3人中2人は同居する家族で、もう1人も攻略する気マンマンの肉食獣だった前作と比べ、
今作は立場的にも隔たりが出来てしまったというのが、話を回す上で不利になってしまった結果だが。
それを差し引いても、肉食系女(元)上司と毒舌不思議系バブみという中々尖った属性が揃ってた前作と比べてみんないい子ちゃん過ぎかなーと思う。
サヤはもう少し同門のレズ娘の積極性を見習っても良かった。キリガクレの愛は重いたい?前作のヒロイン達も十分重たかったと思うよ?
何より個人的に気に入らないのは、各ヒロインルートだとアシュレイがあっさり退場している点。
RPGやバトル系主人公は途中で発狂するくらいまで苦しみ抜く代わりに最後はそんな過程が吹っ飛ぶくらい幸せな結末を迎える、というのが個人的な好みなのだが、その点でアシュレイは報われなさ過ぎる。

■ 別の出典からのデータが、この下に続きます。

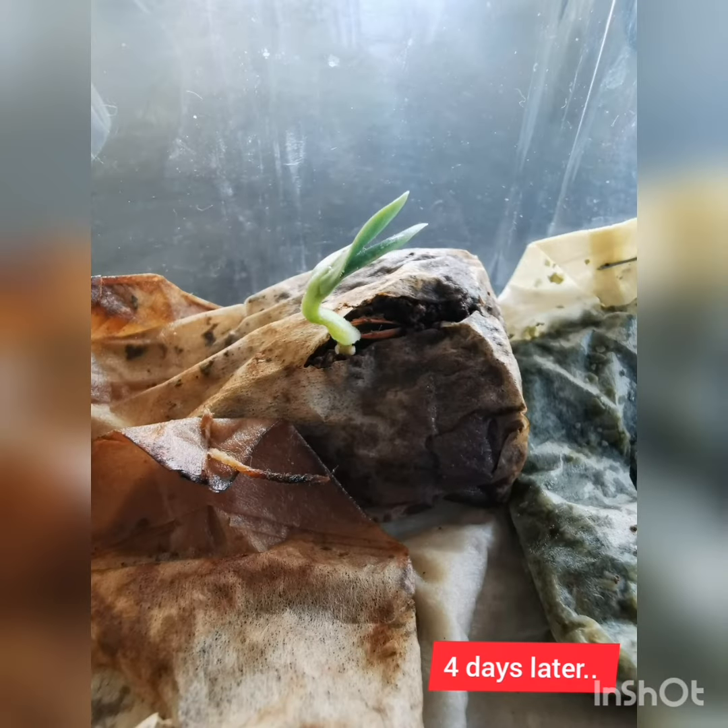See you in 4 days! Hi guys! So this is 10 days later. 10 days ago, I sowed my seeds of cucumber in a tea bag. And now you can see the result.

まるで凡人が過ぎた奇跡に縋った代償だと言わんばかりの結末。そこは気合と根性で乗り越える英雄を見習えよと言いたい。愛する女を幸せにするまでが英雄と決別した事への責務だろうに。
だからこそのトゥルールートなのだろうが、選ぶのが誰なのか曖昧なままという煮え切らない結末が残念。
レインルートで消滅、トゥルーでレインと結ばれるじゃダメだったのだろうか?
互いに背負う宿命的にそれで十分だと思うが。
本作は誰の目にも明らかな、正統な続編故にどうしても比較しての文句が前面に出てしまったが、燃えゲーとしては十分良作の部類。特にトゥルールート後半は前作ユーザーにとって盛り上がるシーンのオンパレードで最後もきっちり締めてくれる。どうせなら選べないなら4Pハーレムでも良かったんじゃないかと思うが、それは流石に高望みか。